When the Disability Insurer Has a Conflict of Interest
When an insurance carrier decides long-term disability benefit claims as a plan administrator and pays disability benefits from its own funds, there exists an obvious inherent structural conflict of interest. Abatie v. Alta Health & Life Ins. Co., 458 F.3d 955, 965.
The presence of a conflict of interest requires the court to weigh that conflict to decide “how much or how little to credit a plan administrator's reasons for denying insurance coverage.” Id., at 968. If the conflict is unaccompanied by evidence of “malice, of self-dealing, or of a parsimonious claims-granting history,” there may be little or no reason to suspect that the insurer's conflict of interest impacted its denial decision.
On the other hand, if “the administrator provides inconsistent reasons for denial, fails adequately to investigate a claim or ask the plaintiff for necessary evidence, fails to credit a claimant's reliable evidence, or has repeatedly denied benefits to deserving participants by interpreting plan terms incorrectly or by making decisions against the weight of the evidence in the record,” the court may weigh the presence of a conflict more heavily.
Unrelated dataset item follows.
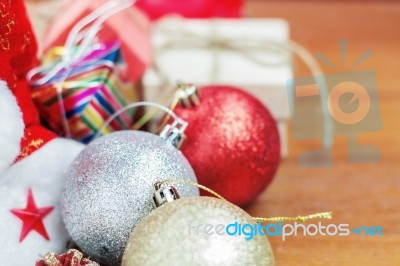 Balls And Gift On Wooden Stock Photo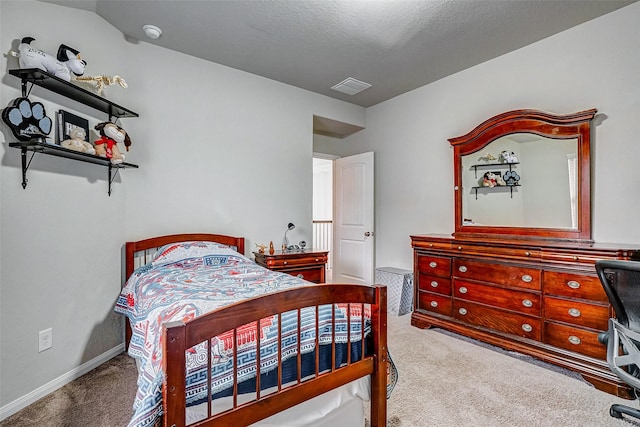 bedroom featuring carpet floors and a textured ceiling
Id., at 968-69.
“[T]he existence of a conflict [is] a factor to be weighed, adjusting the weight given that factor based on the degree to which the conflict appears improperly to have influenced a plan administrator's decision.” Montour v. Hartford Life & Acc. Ins. Co., 588 F.3d 623, 631 (9th Cir. 2009). Additional factors the court may consider in determining whether a plan administrator or fiduciary abused its discretion include “the quality and quantity of the medical evidence, whether the plan administrator subjected the claimant to an in-person medical evaluation or relied instead on a paper review of the claimant's existing medical records, whether the administrator provided its independent experts with all of the relevant evidence, and whether the administrator considered a contrary SSA disability determination, if any.” Id.
Did the plan administrator “cherry-pick” critical evidence? Did it engage in “meaningful dialogue” with the insured, including whether the insurer explained what additional information was required to support his claim? Did the insurer shift its reasons to deny benefits? Did the insurer demand objective evidence for subjective symptoms? These are all important areas of inquiry. However, the presence of a conflict of interest, even if it is a serious conflict, does not change the standard of review. It remains an abuse of discretion standard. Abatie, at 968-69.